» **Dataset entries**:
▼▼▼

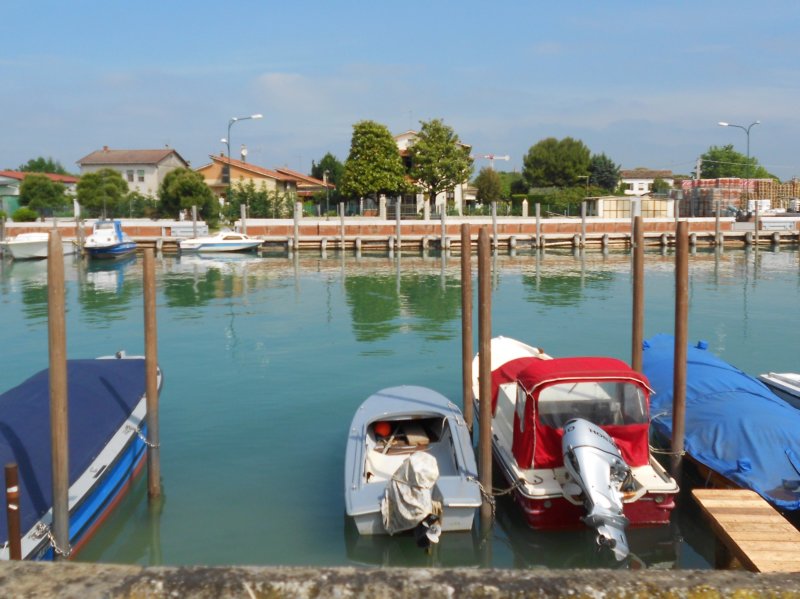 dscn0127.jpg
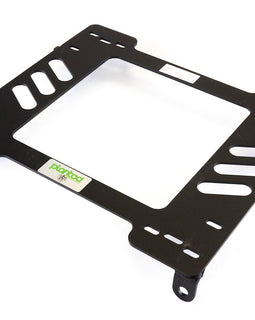 Honda Civic 3dr (1984-1987) [Exclud Si] Planted Seat Bracket - Passenger (Right)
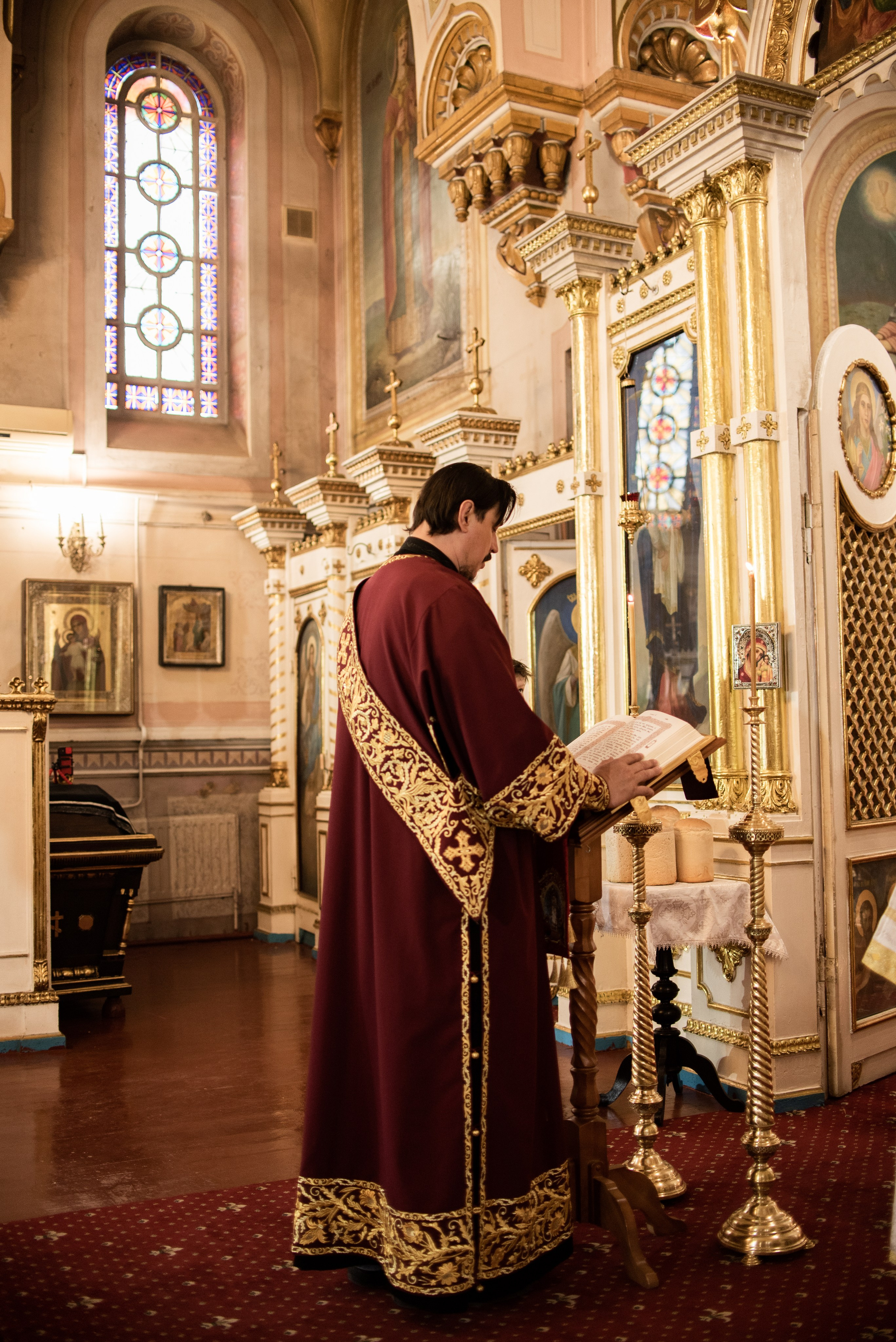 Пасха 16.04.2023. Семейный и свадебный фотограф в Феодосии и Коктебеле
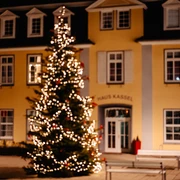 2024-11-29_KurT_Anleuchten_Foto: Marie-Christin Pratsch.jpg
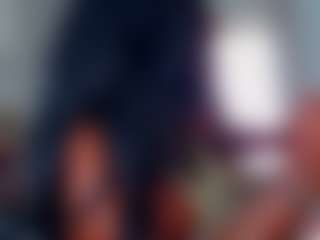 essenceblaque's Live Sex Cam Show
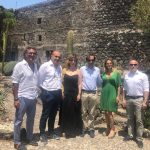 Estate ad Aci Castello, presentata la rassegna degli spettacoli teatrali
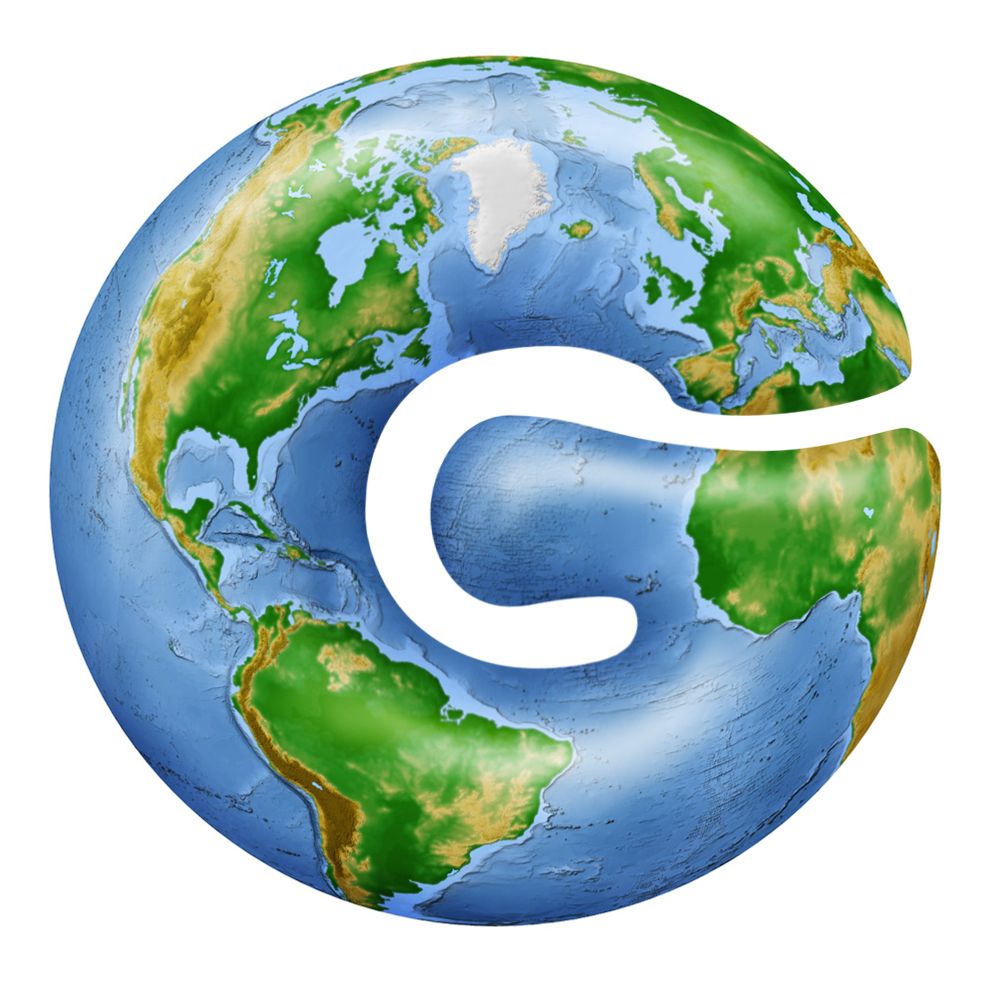 Gluaiseacht for Global Justice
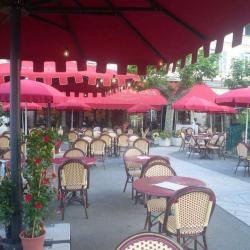 Bistrot Abbatucci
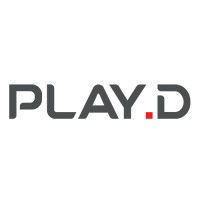 PlayD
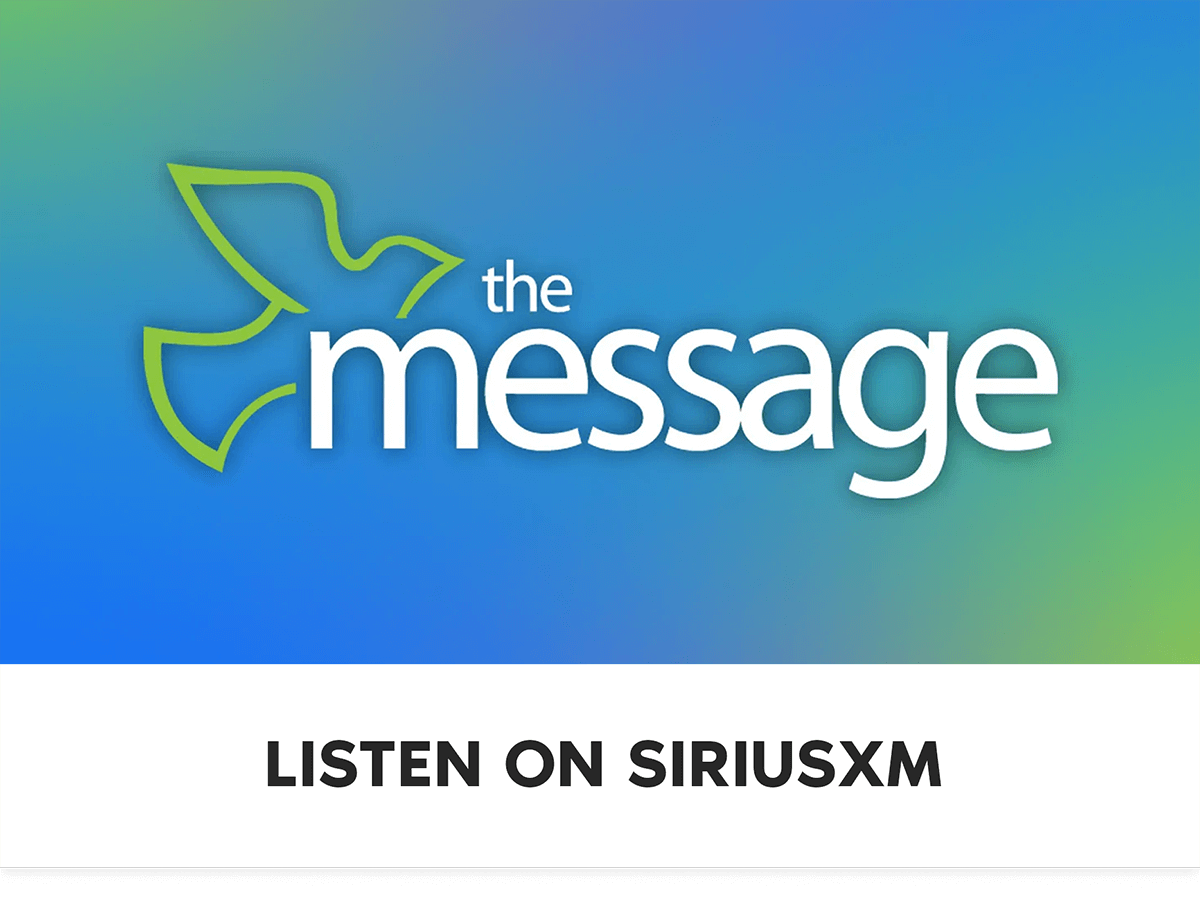 Botão SiriusXM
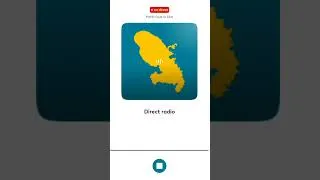 Miniature : C'est quoi la déKLIk M'Adapt lagrikilti du 28 Mai 2026 à LakouA au Gros-Morne ?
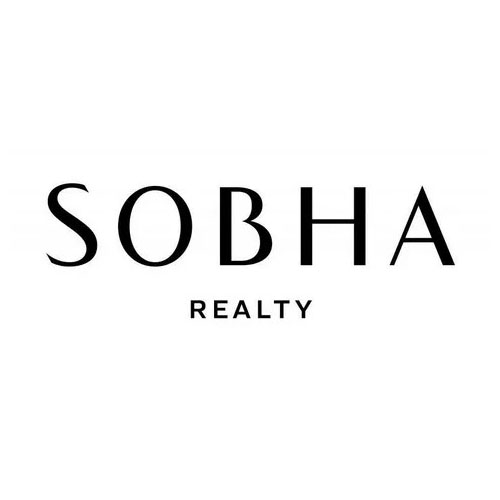 SOBHA ARANYA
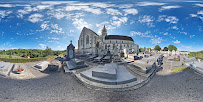 Photo n° 9 de l'avis de Keyser Söze fait le 04/07/2022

▲▲▲

» **Directions**: Reproduce each line of the records exactly and exclude any images.

» **Answer for this exercise**:
 dscn0127.jpg
 Honda Civic 3dr (1984-1987) [Exclud Si] Planted Seat Bracket - Passenger (Right)
 Пасха 16.04.2023. Семейный и свадебный фотограф в Феодосии и Коктебеле
 2024-11-29_KurT_Anleuchten_Foto: Marie-Christin Pratsch.jpg
 essenceblaque's Live Sex Cam Show
 Estate ad Aci Castello, presentata la rassegna degli spettacoli teatrali
 Gluaiseacht for Global Justice
 Bistrot Abbatucci
 PlayD
 Botão SiriusXM
 Miniature : C'est quoi la déKLIk M'Adapt lagrikilti du 28 Mai 2026 à LakouA au Gros-Morne ?
 SOBHA ARANYA
 Photo n° 9 de l'avis de Keyser Söze fait le 04/07/2022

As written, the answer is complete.